**Your task:**
Your answer must be an exact copy of the entries, containing no images.

——————————

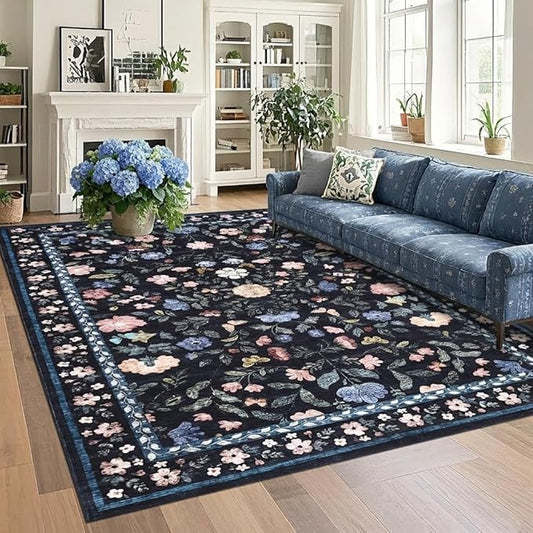 GarveeHome Large Washable Area Rug 10 x 13 for Living Room, Non-Slip Soft Vintage Rug, Low Pile Farmhouse Floral Carpet, Non-Shedding Foldable Printed Rugs for Bedroom, Dark Grey Blue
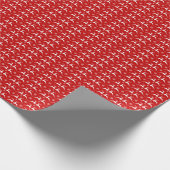 Papier Cadeau Cerfs de Noël et Snowflakes Motif rouge et blanc (Coin)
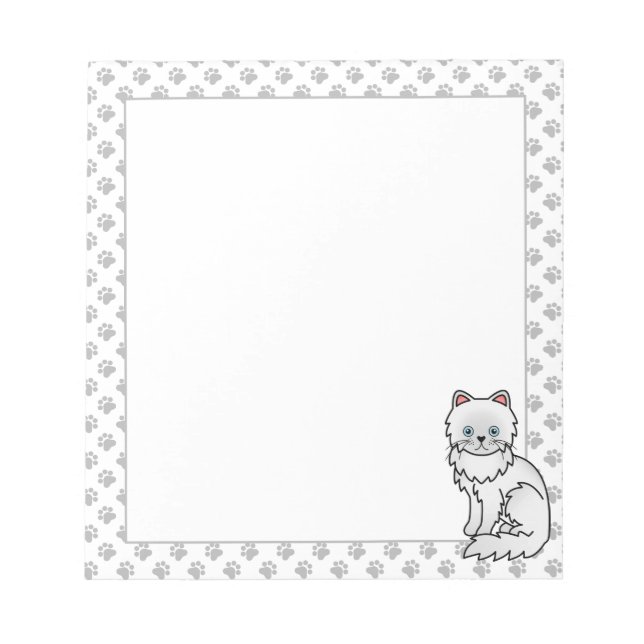 Vit persisk söt serieillustration av katt anteckningsblock (Framsida)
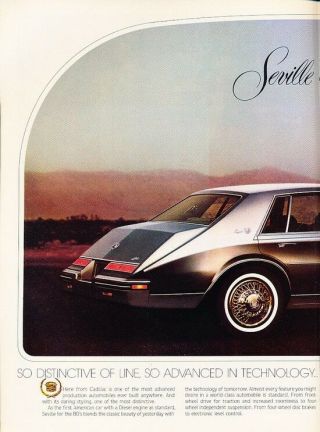 1980 Cadillac Seville 2 - Page Advertisement Print Art Car Ad J903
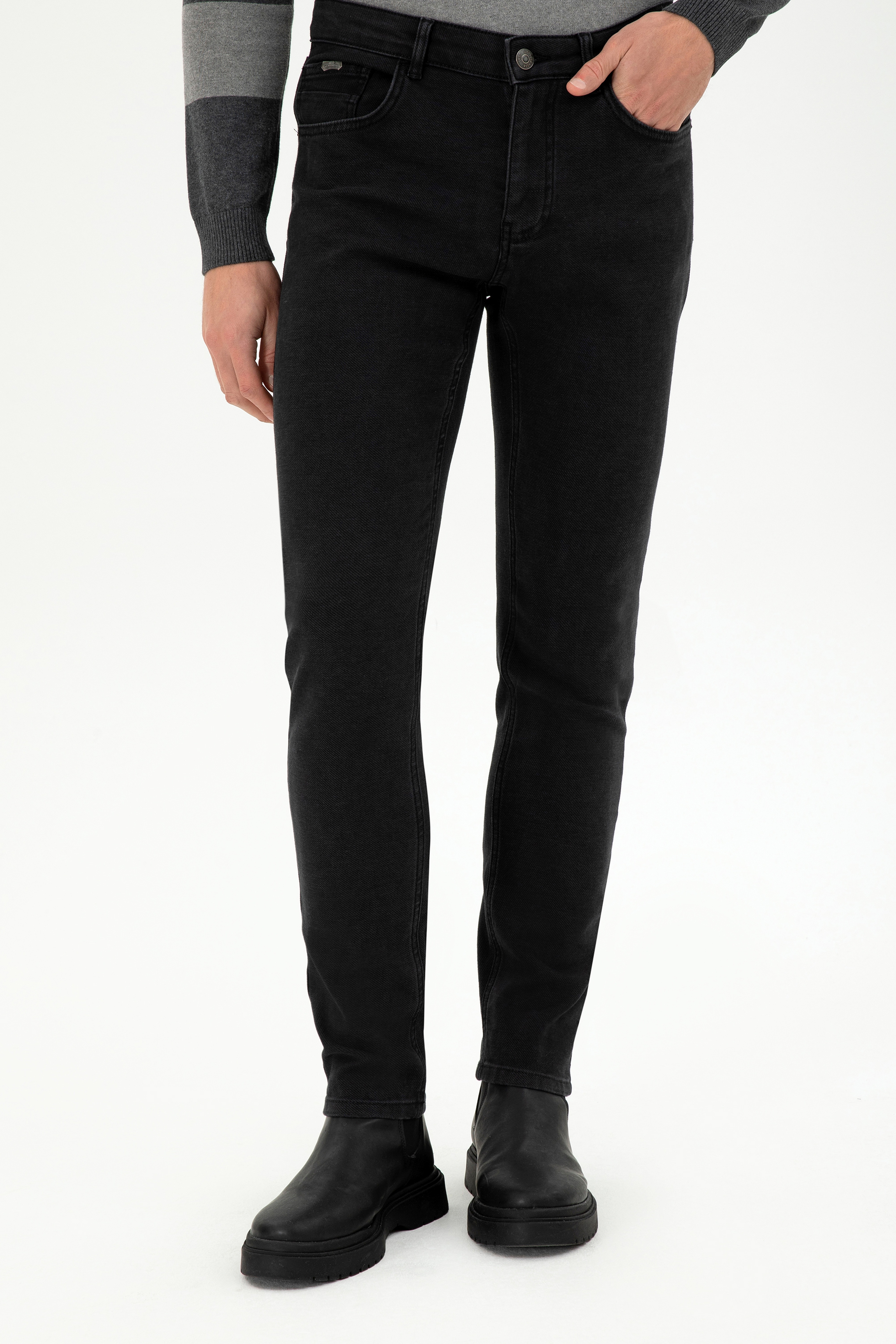 Erkek Siyah Jean Pantolon - Image 2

——————————

**Result of this task:**
 GarveeHome Large Washable Area Rug 10 x 13 for Living Room, Non-Slip Soft Vintage Rug, Low Pile Farmhouse Floral Carpet, Non-Shedding Foldable Printed Rugs for Bedroom, Dark Grey Blue
 Papier Cadeau Cerfs de Noël et Snowflakes Motif rouge et blanc (Coin)
 Vit persisk söt serieillustration av katt anteckningsblock (Framsida)
 1980 Cadillac Seville 2 - Page Advertisement Print Art Car Ad J903
 Erkek Siyah Jean Pantolon - Image 2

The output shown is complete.